Let the original number be $10a + b$, where $a$ is the tens digit and $b$ is the ones digit. Reversed number = $10b + a$. Assume $10a + b > 10b + a$, so the larger number is $10a + b$.

The remainder when dividing the larger number by the smaller one is:

$(10a + b) \div (10b + a)$

To maximize the remainder, set $a = 9$ (largest possible tens digit).
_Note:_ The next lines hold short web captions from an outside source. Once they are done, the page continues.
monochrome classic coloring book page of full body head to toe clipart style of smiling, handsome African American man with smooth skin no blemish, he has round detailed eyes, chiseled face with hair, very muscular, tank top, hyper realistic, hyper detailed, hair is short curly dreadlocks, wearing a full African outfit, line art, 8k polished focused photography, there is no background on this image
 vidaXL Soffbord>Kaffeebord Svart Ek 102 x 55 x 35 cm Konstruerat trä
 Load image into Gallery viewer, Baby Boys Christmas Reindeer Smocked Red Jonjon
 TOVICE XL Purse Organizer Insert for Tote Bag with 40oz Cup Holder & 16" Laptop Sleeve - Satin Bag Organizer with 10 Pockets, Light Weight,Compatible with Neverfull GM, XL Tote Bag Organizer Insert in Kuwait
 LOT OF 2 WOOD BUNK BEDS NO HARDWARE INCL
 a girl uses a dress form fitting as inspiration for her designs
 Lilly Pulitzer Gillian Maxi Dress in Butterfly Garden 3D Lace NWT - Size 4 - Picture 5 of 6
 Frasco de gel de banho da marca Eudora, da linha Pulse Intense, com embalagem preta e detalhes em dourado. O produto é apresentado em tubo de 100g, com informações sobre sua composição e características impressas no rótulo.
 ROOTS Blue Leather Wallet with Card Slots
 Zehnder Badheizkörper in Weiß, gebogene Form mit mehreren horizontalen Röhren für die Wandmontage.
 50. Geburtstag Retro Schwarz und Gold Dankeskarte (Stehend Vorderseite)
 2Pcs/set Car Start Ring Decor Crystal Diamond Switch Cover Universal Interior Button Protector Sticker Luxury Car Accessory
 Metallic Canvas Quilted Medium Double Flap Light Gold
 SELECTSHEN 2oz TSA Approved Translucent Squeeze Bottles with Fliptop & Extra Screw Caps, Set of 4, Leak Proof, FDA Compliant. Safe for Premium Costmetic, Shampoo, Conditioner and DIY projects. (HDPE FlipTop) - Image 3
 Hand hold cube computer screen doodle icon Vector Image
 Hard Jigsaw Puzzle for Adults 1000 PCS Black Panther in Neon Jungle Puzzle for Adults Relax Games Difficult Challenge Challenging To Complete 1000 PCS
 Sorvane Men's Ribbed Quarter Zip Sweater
Original number = $90 + b$ Reversed number = $10b + 9$

Now, test different values of $b$:

1. If $b = 4$:

• Original number = $94$
• Reversed number = $49$
• Division: $94 \div 49$ → Quotient = $1$, Remainder = $94 - 49 = 45$

2. If $b = 5$:

• Original number = $95$
• Reversed number = $59$
• Division: $95 \div 59$ → Quotient = $1$, Remainder = $95 - 59 = 36$

3. If $b = 6$:

• Original number = $96$
• Reversed number = $69$
• Division: $96 \div 69$ → Quotient = $1$, Remainder = $96 - 69 = 27$

4. If $b = 7$:

• Original number = $97$
• Reversed number = $79$
• Division: $97 \div 79$ → Quotient = $1$, Remainder = $97 - 79 = 18$

5. If $b = 8$:

• Original number = $98$
• Reversed number = $89$
• Division: $98 \div 89$ → Quotient = $1$, Remainder = $98 - 89 = 9$

The largest remainder is $45$, which occurs when the original number is $94$ and the reversed number is $49$.

Thus, the largest possible remainder is $45$.